The Wry Observer’s Covid-19 update (173): The Joint Select Committee Report: Coronavirus – the lessons learned to date

The joint Select Committee report emerged while we were travelling back from Burgundy, where there has been a calm acceptance of inside masks and vaccination proof, but as it was too late for yesterday’s newspapers to comment its dissection in the press really only began today.  The Daily Sceptics site has produced a digest; its author has read the report, so says there is no need for Daily Sceptics readers to read it, as it is very long.
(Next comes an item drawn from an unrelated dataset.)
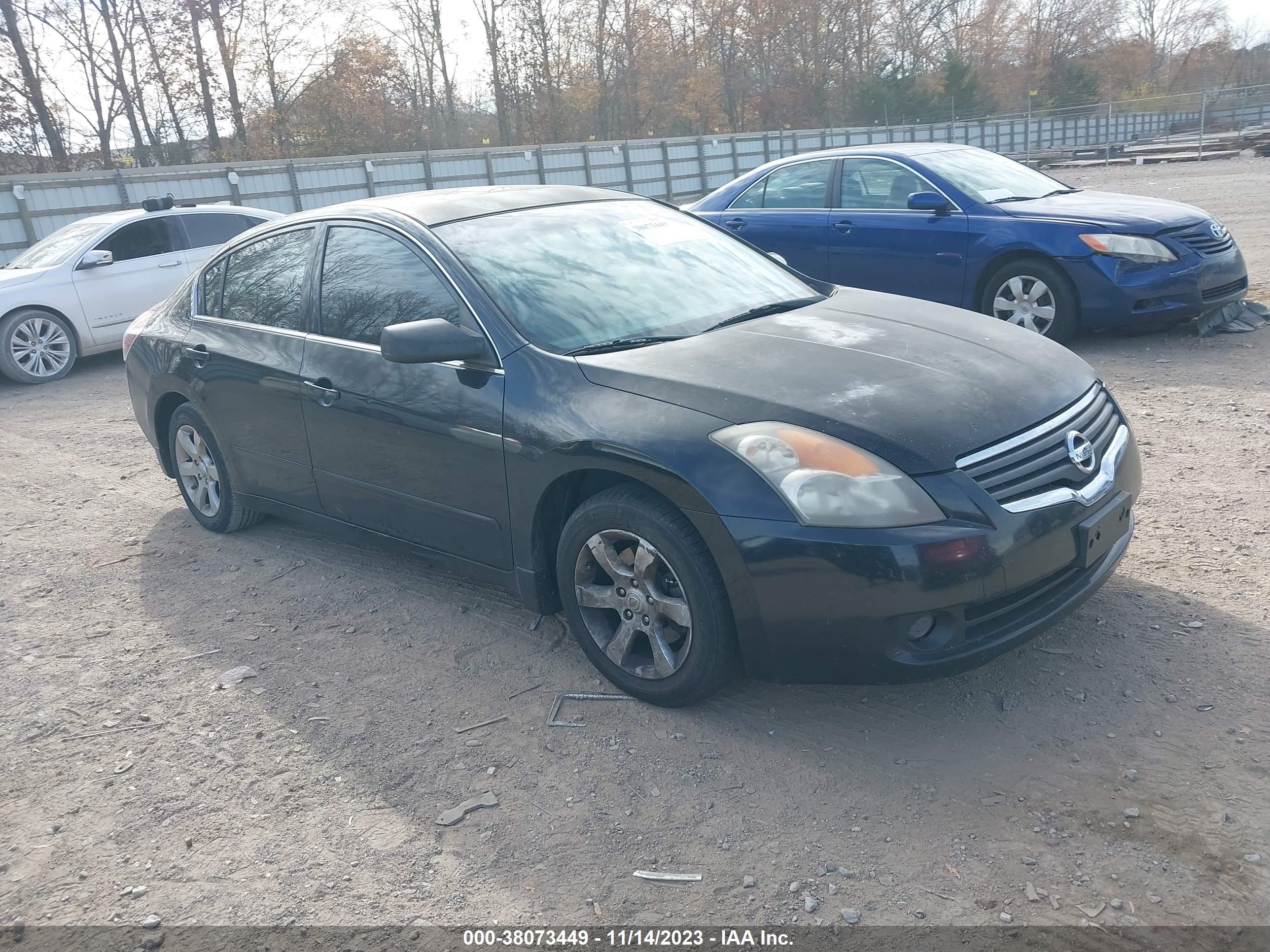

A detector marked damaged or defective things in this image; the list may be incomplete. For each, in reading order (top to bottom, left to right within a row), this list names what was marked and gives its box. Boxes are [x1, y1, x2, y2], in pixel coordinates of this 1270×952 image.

You can find it at https://committees.parliament.uk/publications/7496/documents/78687/default/

I disagree.  The devil is in the detail.  I am particularly annoyed that my own evidence, submitted fairly early last year, has been either lost or ignored.  I have looked carefully at the list of submissions and can see only one that comes from a clinician who is, or was (to allow for retirees like me) involved in acute patient care.  This is a gross oversight.  Management of very sick patients is not a matter for politicians, epidemiologists or public health doctors.  Without a clinical perspective the report is frankly worthless.  It’s all very well discussing what should or could have been done to prevent infection if there’s nothing much about how either to stop infection progressing to severe illness or how to treat that illness.

It doesn’t help that the report continues to conflate SARS-CoV-2 and Covid-19.

To be fair, summary conclusion 18 does refer to treatment:

“Treatments for covid are another area where the UK’s response was genuinely worldleading. The RECOVERY Trial had, by mid-August 2021, recruited just over 42,000 volunteers worldwide to mount randomised trials of covid-19 treatments. Establishing the effectiveness of dexamethasone and the ineffectiveness of hydrochloroquine were vital contributions to the worldwide battle against covid-19 and estimated to have saved over a million lives globally.”

I will return to this.

Although the report acknowledges that foresight is not available in pandemic planning it excoriates the UK’s initial approach to the pandemic, based on the assumption that SARS-CoV-2 was likely to behave like “ordinary” flu.  There’s an oxymoron if ever there was.  Many clinicians and commentators, including myself, thought that SARS-CoV-2 was just another flu to start with.  It was not until April that the characteristics of Covid-19 and possible causes of the serious syndrome became clear. So I think it is unfair to criticise government, or the scientists, when the criticism is based on a retrospective analysis. It’s very easy to see your mistakes when you have the benefit of hindsight.  Yes, the government got it wrong, but no-one in the free world got it right until there were enough cases to make a judgement. That apart, the evidence that lockdowns made a major difference to transmission is minimal. Taking into account the multiple entry points (in the UK, the seed cases were not from China but from Italy, France and Spain), the discharge of hospital patients to care homes without screening and the reality of intra-hospital transmission) I do not believe that the prevarication over lockdown played a major part.  Furthermore as I have argued previously it was not a lockdown, only a partial one, given the numerous exceptions for key workers and healthcare staff. The evidence from the Antipodes shows that while you may reduce overall numbers by lockdowns you cannot make a watertight defence.  Cases will sneak in, and when lockdown comes off, unless you have a ruthless exclusion policy so that no-one with SARS-CoV-2 can get past, you will simply relight the smouldering embers.

Paragraph 46 says:

“The NHS went to extraordinary lengths to ensure that there was enough critical care capacity for people hospitalised with covid-19.”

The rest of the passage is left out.